Teraz do Nymburka, ale zostajemy w Europie!

2 luty 2018
Nie wiemy jeszcze tylko, w których rozgrywkach. Stelmet Enea BC Zielona Góra po zwycięstwie nad Nanterre 85:82 pozostaje w europejskich pucharach. Jeśli wygra w Nymburku, na pewno zagra w fazie play-off Ligi Mistrzów!

Jeśli nie, to musi liczyć na Telekom Baskets Bonn w meczu z Sidigasem Avellino. W przypadku zwycięstwa Włochów i porażki w Czechach, zielonogórzanie wystąpią w niższych rangą zmaganiach FIBA Europe Cup. – Jeszcze cztery mecze temu nikt nie myślał, że Stelmet ma jakiekolwiek szanse na granie w Europie – przyznaje Andrej Urlep, trener zielonogórzan. Szkoleniowiec cieszy się z tego, co jego zespół osiągnął dotychczas, ale zapowiada, że do Nymburka biało-zieloni pojadą walczyć o zwycięstwo. - Zrobimy wszystko, żeby to osiągnąć. Teoretycznie łatwiej byłoby w FIBA Europe Cup, ale my chcemy pozostać w Champions League – dodaje Słoweniec.

Pozostanie w Lidze Mistrzów otwiera np. możliwość przyjazdu do Zielonej Góry Sašo Filipovskiego i konfrontacji z jego Banvitem Bandirma. To dopiero byłby mecz! Wielkim widowiskiem było jednak również starcie z Nanterre. Stelmet bardzo długo pokonywał rywali ich własną bronią, czyli niebywałą skutecznością za 3 pkt.
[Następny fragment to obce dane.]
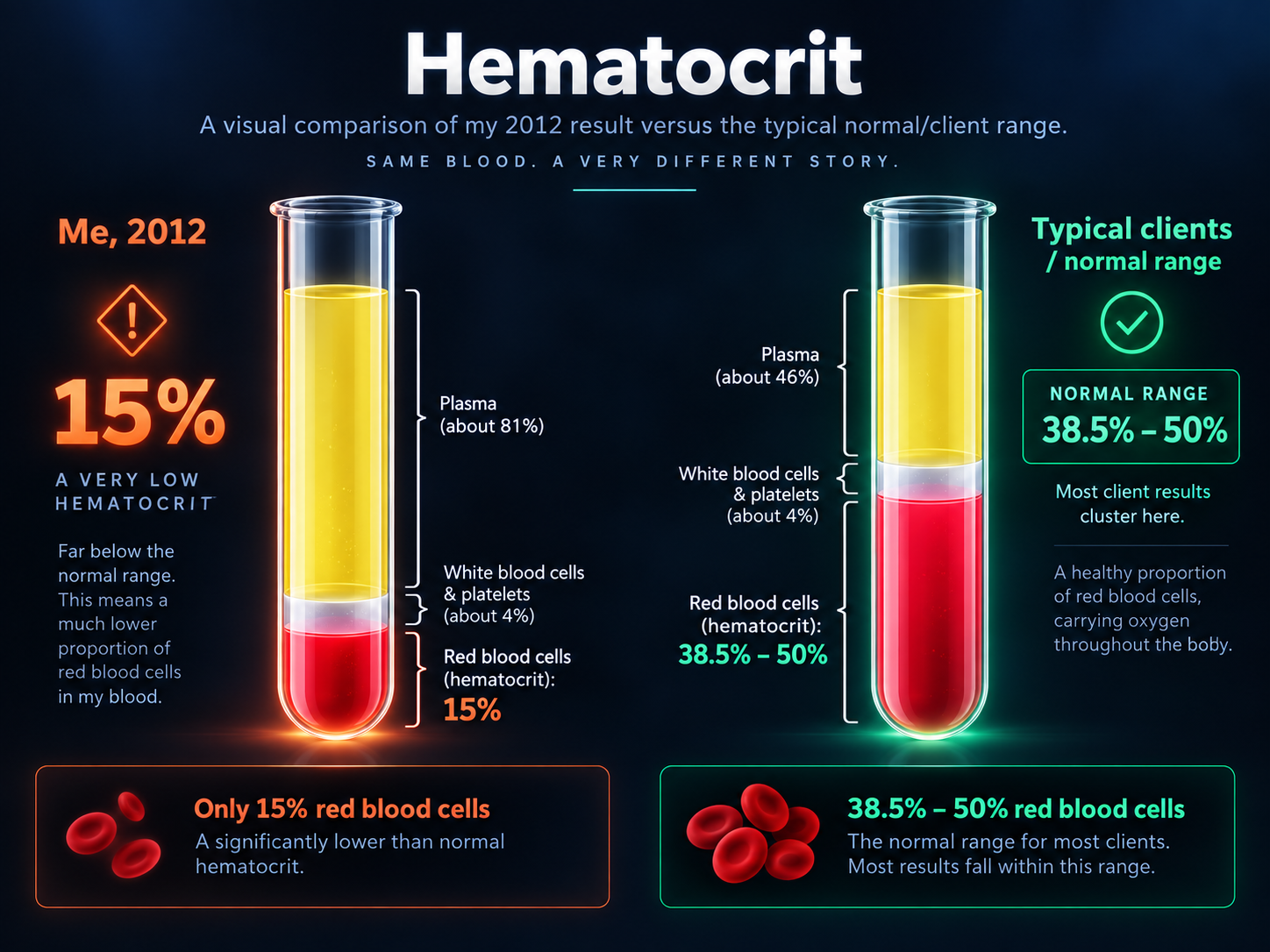 Illustration of hematocrit: a tube of blood separated into red cells and plasma, normal beside depleted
W sumie zielonogórzanie trafili 14 „trójek”. Gdy pod koniec trzeciej kwarty, po rzucie Adama Hrycaniuka, gospodarze prowadzili różnicą 23 punktów, wielu pomyślało, że włos z głów zielonogórzan już nie spadnie. Tymczasem gospodarzy dopadła zadyszka a Francuzi odblokowali się strzelecko. Przewaga zaczęła topnieć w oczach. 8 sekund przed końcem czwartej kwarty po „trójce” Jamara Wilsona goście zbliżyli się na 4 punkty, z których po chwili zrobiło się już tylko „oczko”, bowiem kolejny rzut z dystansu wykończył Hugo Invernizzi, który wykorzystał złe wznowienie gospodarzy. Na szczęście, na linii rzutów wolnych nie mylił się Przemysław Zamojski, rzut z połowy Heikko Schafartzika na dogrywkę nie znalazł drogi do kosza, choć lot piłki wszyscy w hali CRS obserwowali na wstrzymanym oddechu. – Naszą rolą było odsunięcie tych znakomitych strzelców od rzutów za 3 pkt. To udawało się nam przez 30 minut. W końcówce jednak doszli do głosu i zaczęli trafiać. To dobra lekcja dla nas – przyznał świetny tego wieczoru Edo Murić.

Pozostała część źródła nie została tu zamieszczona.